I've put instructions into the default php.ini that explain this control and how to open up non-ascii logging if one is willing to accept any consequences which might come from that.

As for EBCDIC, if you're running in an EBCDIC environment, you have to compile in an EBCDIC environment so that strings and character literals are encoded correctly, and that the correct table for <ctype.h> is used.

IETF standards are woefully unaware of non-Latin languages, I used to title at that windmill in the 90's when HTML was being finalized. If you get bored, see the postings of philipp@res.enst.fr on www-html and www-talk mailing lists.

I'm not an English language bigot: I just won't compromise security for convenience, even if it's a major inconvenience to use (say) Cyrillic or Biao Gao with IETF protocols.

If the standards are inadequate, fix them. Don't willingly write broken code that violates them.

In addition to the previous logger experiment, i now went a bit further and checked same with syslog-ng and dsyslog. Previously it was rsyslog, as it turned out. Anyway not sure there are more syslog daemons to get on Jessie by default and i've no other VMs to break ATM. At least what turned out is, that the behavior of all of them is same as shown before - an UTF-8 string lands in the syslog. Furthermore, seems it doesn't care whether BOM is present or not.

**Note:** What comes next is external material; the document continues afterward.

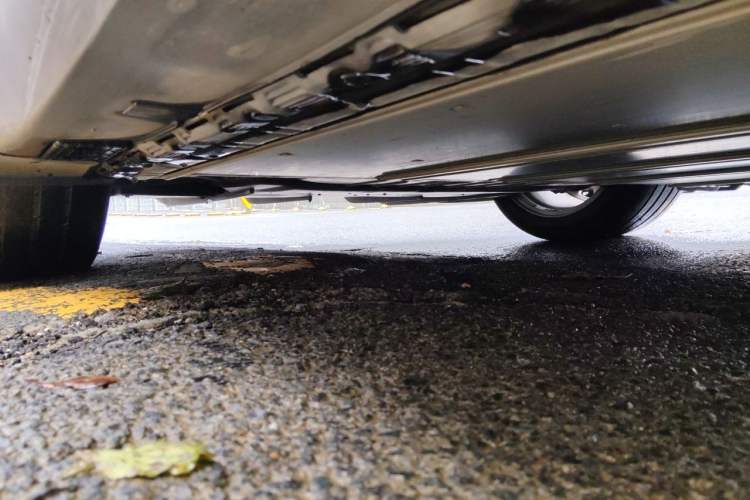 Used Tesla Model X 2017 X 100D Long Range Edition Chassis Rear Right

Regarding BOM - it might be more clear why the new RFC requires it for UTF_8 and why it requires UTF-8 to be the shortest form http://www.unicode.org/reports/tr36/#UTF-8_Exploit . To answer the earlier question - there is absolutely nothing in the core that deals with BOM. And i wouldn't even try to understand, what the given syslog daemon does in this case. Fe doing a write of the ill formed sequence 41 C2 3E 42 as from the UNICODE-TR36, it lands in the log file without any complain whether BOM is used or not. Apparently there is a security aspect. As per the RFC, the implementation does not have to interpret UTF-8 without BOM, but also it wouldn't care about an arbitrary string contents.

@pprindeville The topic is complex, we see. In PHP security and backward compatibility have both high priority. In this case, it seems that the backward compatibility breach were a far overreaction and thus not justified. It should really be thought through carefully, perhaps involving mbstring and default_charset or whatsoever measures. It is a fun topic and it is good that we discuss it so it reveals how complex it is and there indeed can be issues. At least we see now, that the best possible solution is not to achieve with just extending the intended fix a bit.

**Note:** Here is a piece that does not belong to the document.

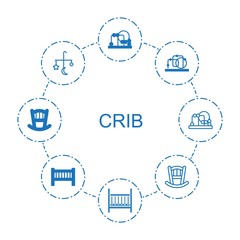 crib icons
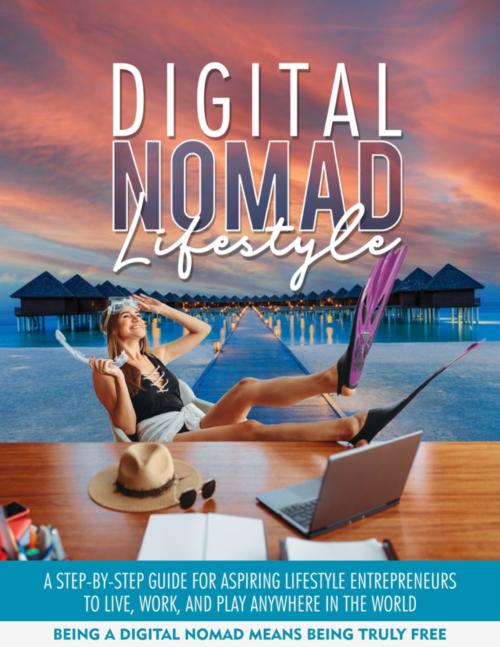 Digital Nomad Lifestyle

@pprindeville please let's not be hasty. I would suggest for now to reduce to an unavoidable and backward compatible minimum, which is

split by newline

block c < 32

syslog.ascii_only = 0 by default

This solves the initial issue and puts in some security bits. Furthermore, it seems to be the solution with the most consent so far. Anyway, having this the PR can be completed and anything beyond can be left for further consideration.

Thanks.

This solves the initial issue and puts in some security bits.

@weltling Well, it puts them in but largely disables them. Anyway, I don't care. All I ever wanted was splitting stack traces in the exception handler so they wouldn't look like:

Aug 11 15:19:01 ubuntu16 php: PHP Fatal error: Uncaught Error: Class 'NoSuchClass' not found in /home/philipp/bertram/php-src/test.php:4#012Stack trace:#012#0 /home/philipp/bertram/php-src/test.php(15): foo()#012#1 {main}#012 thrown in /home/philipp/bertram/php-src/test.php on line 4

which is what they currently look like. I've spent 6x more time on this issue than initially planned.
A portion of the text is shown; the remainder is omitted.